2016 Was the Year of Changes


Below is the letter that I enclosed in this year’s Christmas cards.  今年のクリスマスカードに同封した以下の手紙の和文はここでご覧いただけます。

With the holiday season fast approaching, I hope this letter finds you well.

If I were to pick one phrase to describe the past year, it would be “The Year of Changes.”

On the professional front, I left Shearman & Sterling in May after seven and a half years at the firm in order to join Amazon in Japan.  The jump from being an experienced lawyer at a mega law firm to a first-time in-house lawyer at an IT company has brought major changes to my life, the most obvious manifestation of which is an improved work-life balance.  On the personal front, I lost a family member when my grandmother died at the age of 92 in October, but I will soon have two family members living much closer to me as my mother and sister decided to move back to Japan after all the years living in the U.S.

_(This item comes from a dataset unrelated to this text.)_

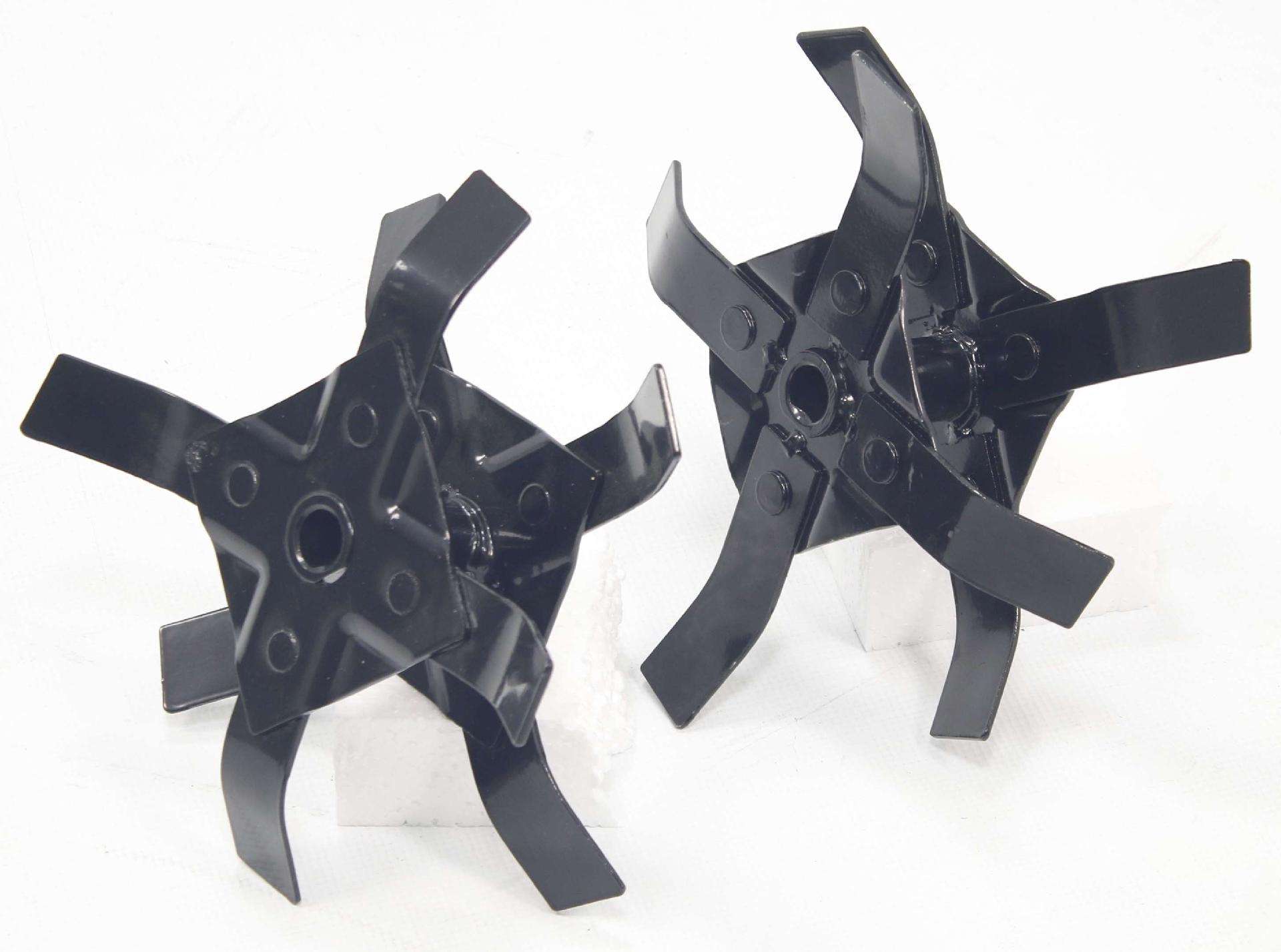 Máquina de Sachar e Fresar, 1.8HP, 42.7CC refª 28408 MADER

As I look back on the eventful past year, I’m reminded of the old saying, “All good things must come to an end.”

I do not handle such “ends” well.  My personality is such that I easily find satisfaction and happiness in the present and have a strong desire to retain the status quo.  It’s not an understatement to say that I feel a great sense of fear towards change.

Having gone through a lot of changes in 2016, some voluntary and others not, the one way in which I feel I’ve personally grown is how I’ve come to realize that changes are often an indispensable element of a meaningful life.

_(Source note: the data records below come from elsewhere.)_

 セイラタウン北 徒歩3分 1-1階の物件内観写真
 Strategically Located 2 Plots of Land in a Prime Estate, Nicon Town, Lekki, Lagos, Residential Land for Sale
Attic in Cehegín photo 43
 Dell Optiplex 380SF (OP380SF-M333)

I’ve felt this in particular through a change in my career.  I had heard Amazon described as a start-up that never grew up, and it’s a truly apt description.  In my new workplace, I’m constantly pushed to exhibit skills that I’d never before had to show while supporting blockbuster growth in a business and an industry that remain mostly foreign to me.  At Amazon, I’m always stimulated and my worldview is constantly expanding.

Leaving Shearman was a difficult choice because of the comfort I’d developed with the colleagues there, but a little more than half a year since the move, I’m glad I was able to make the big decision. My greatest discovery this year has been in learning that getting out of the comfort zone and jumping into the unknown could be a scary but deeply rewarding experience.

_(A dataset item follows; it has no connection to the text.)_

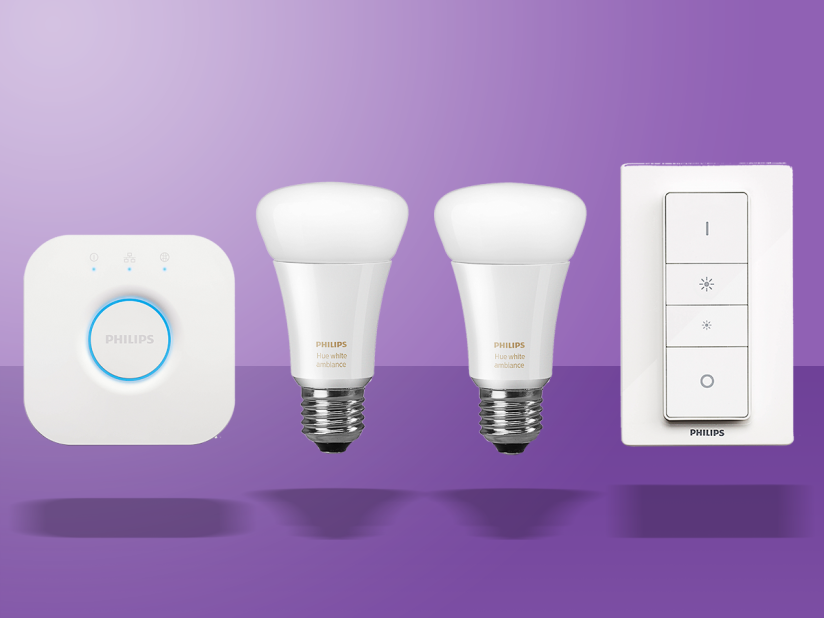 Philips Hue review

Because this past year was such an upheaval, I’m hoping that the upcoming year would be a little calmer.  Yet there is a strong part of me that is desiring to have equally stimulating moments next year, a feeling that is no doubt influenced by the experiences of the past year.  Now that I have more time to pursue interests outside of work, I’m thinking, perhaps, that I can finally seek stimulation in the world of politics (albeit not as a politician).

Despite all that had happened in 2016, the one thing that didn’t change was my ability in Japanese chess. The improvement in this area is the one change I’d been seeking for over two years, so I’m hoping that if there is only one notable change in 2017, it’s that I’ve gone up a skill level or two in Japanese chess.

Merry Christmas, and may your 2017 be a stimulating one.